12) The answer is that due to any such imbalance the normal equilibrium distribution of Kinetic Energy (KE) and Potential Energy (PE) is upset and parcels of air start to move around differently relative to each other due to the changes in their respective KE and PE contents. Such changes in PE relative to KE result in density differences which cause different parcels of air to change their weights and rise or fall at different rates.
13) Thus does the atmospheric circulation reconfigure itself to remove the imbalance by adjusting the energy flows through different sections of the atmosphere both vertically and horizontally. The balance of UWIR and DWIR between surface ad top of atmosphere is restored at every level and the atmosphere is rescued.

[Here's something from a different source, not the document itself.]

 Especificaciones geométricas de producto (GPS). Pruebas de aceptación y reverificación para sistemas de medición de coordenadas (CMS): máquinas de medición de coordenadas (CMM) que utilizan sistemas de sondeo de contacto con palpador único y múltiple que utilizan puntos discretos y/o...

14) Therefore, compositional changes have a zero net effect on temperature but the consequences are regional climate changes as the permanent climate zones change their sizes, intensities and positions relative to each other.”

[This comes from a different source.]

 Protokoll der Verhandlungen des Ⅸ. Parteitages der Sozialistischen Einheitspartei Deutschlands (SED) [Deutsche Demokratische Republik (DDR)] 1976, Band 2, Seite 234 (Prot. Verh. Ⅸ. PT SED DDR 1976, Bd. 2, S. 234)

Linneamogren you are certainly from Venus.
@ren thanks I think lol
If Earth were moved close in towards the Sun, the Arctic would probably become colder, because positive Arctic Oscillation conditions would increase, and strengthen the polar vortex. At least in an inter-glacial climate when the Arctic is not ice locked.
linneamogren says:
April 26, 2016 at 8:46 pm :
If Earth was rotating slowly like Venus, could we expect rapid cycling to preserve a livable surface? Brett
@ulriclyons
Good point. If you look at Mercury there is at least one polar ice cap and when you consider that solar flares reach the surface of Mercury we can assume you are correct.
@Brett
Well if days were much longer say just 48 hours we would see some temp variation with the extra accumulation of radiation, but we would also see vacillations in the jet stream and oceanic currents which are correlated to the earths rotation rate. In 200 million years earth days will be 25 hours, so this is assured thanks to our moon and the changes will be slight overCoriolis force” time. But let’s take your question and say earth days are that of Venus. In my opinion I can’t see how any livable surface survives the extremes from the day and night side. Not to mention the Coriolis force would be so disrupted from the slow rotation that the magnetic field would no longer function properly or be effaced allowing a massive bombardment of radiation from the sun. That would all put an end of any liveable surface.
Saturn on the other hand has such strong poleward energy transport that the polar regions are only around 10°C cooler than the mid latitudes.
This is why more CO2 in theory should cool the Arctic region, because it increases positive NAO/AO. Which means a poleward shift in the jet stream, strengthening the polar vortex, and reducing warm ocean transport into the Arctic.